Alongside the demo videos, I also opted to showcase the power consumption of the Jetson AGX board. Here we’re measuring the power of the platform at the 19V DC power input with the board at its maximum unlimited performance mode. I had board’s own fan disabled (it can be annoyingly loud) and instead used an externally-powered 120mm bench fan blowing onto the kit. At a baseline power level, the board used ~8.7-9W while sitting idle and actively outputting to a 1080p screen via HDMI while also being connected to Gigabit Ethernet.
The first demo showcases the AGX’s feature tracking capabilities. The input source is a pre-recorded video to facilitate testing. While the video output was limited to 30fps, the algorithm was running in excess of 2-300fps. I did see quite a wide range of jitter in the algorithm fps, although this could be attributed to scheduling noise due to the low duration of the workload while in a limited FPS output mode. In terms of power, we see total system consumption hover around 14W, representing an active power increase of 5W above idle.
The second demo is an application of a Hough transform filter which serves as a feature extraction algorithm for further image analysis. Similarly to the first demo, the algorithm can run at a very high framerate on a single stream, but usually we’d expect a real use-case to use multiple input streams. Power consumption again is in the 14W range for the platform with an average active power of ~4.5W.
The motion estimation demo determines motion vectors of moving objects in a stream, a relatively straightforward use-case in automotive applications.
The fourth VisionWorks demo is the computational implementation of EIS (Electronic image stabilisation), were given an input video stream the system will crop out margins of the frame and use this space as the stabilisation window in which the resulting output stream will be able to elastically bounce against, reducing smaller juddery motions.

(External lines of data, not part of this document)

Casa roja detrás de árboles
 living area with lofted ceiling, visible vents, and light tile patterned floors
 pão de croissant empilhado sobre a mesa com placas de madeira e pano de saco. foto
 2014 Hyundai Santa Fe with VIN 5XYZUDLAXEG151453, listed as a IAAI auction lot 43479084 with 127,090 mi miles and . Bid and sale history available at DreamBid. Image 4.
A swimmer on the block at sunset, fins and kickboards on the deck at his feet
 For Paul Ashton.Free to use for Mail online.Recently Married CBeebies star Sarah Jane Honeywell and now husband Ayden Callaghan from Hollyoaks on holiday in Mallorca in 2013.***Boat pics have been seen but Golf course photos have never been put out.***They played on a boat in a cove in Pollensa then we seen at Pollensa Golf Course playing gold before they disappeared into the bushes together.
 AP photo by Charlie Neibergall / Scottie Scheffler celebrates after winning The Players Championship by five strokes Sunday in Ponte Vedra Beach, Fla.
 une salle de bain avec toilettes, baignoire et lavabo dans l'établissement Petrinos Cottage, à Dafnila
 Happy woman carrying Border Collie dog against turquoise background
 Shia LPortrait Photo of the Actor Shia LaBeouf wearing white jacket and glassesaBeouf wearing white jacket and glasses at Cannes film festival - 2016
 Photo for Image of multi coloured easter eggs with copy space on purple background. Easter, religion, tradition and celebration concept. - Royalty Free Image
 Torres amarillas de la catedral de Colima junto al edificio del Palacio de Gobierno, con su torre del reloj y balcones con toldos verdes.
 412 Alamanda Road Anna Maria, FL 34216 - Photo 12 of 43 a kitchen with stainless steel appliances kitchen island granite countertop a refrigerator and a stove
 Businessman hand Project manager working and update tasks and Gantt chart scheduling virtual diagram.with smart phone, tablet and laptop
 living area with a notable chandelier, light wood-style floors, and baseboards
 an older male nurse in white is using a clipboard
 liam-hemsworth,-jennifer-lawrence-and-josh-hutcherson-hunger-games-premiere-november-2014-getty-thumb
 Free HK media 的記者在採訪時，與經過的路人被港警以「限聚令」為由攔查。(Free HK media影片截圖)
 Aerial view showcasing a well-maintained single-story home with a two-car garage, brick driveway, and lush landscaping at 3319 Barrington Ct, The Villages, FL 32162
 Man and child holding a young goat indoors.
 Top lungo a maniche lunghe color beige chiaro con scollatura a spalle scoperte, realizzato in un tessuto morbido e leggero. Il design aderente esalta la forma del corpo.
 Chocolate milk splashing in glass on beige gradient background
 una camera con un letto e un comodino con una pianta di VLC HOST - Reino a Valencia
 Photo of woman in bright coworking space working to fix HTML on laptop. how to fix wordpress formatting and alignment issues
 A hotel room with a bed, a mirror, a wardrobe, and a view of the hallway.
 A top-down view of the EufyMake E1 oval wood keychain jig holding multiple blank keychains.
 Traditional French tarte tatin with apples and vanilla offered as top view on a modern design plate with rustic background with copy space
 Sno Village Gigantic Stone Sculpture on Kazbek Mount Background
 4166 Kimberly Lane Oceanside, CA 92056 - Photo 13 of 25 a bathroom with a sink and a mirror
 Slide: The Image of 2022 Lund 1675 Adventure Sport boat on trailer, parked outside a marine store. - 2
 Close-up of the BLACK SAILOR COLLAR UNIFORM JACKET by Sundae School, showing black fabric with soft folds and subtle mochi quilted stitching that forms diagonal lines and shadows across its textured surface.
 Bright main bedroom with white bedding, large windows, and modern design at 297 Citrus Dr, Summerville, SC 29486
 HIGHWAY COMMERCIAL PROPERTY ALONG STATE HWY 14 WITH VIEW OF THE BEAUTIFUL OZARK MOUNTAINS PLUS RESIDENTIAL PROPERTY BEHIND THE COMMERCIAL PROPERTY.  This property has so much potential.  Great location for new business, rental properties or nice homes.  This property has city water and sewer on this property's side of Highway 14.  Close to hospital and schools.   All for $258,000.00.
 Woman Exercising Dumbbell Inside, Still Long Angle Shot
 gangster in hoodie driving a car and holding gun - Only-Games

Finally, the most impressive demo which NVIDIA provided was the “DeepStream” demo. Here we see a total of 25 720p video input streams played back all simultaneously all while the system is performing basic object detection in every single one of them. This workload represented a much more realistic heavy use-case being able to take advantage of the processing power of the AGX module. As you might expect, power consumption of the board also rose dramatically, averaging around 40W (31W active work).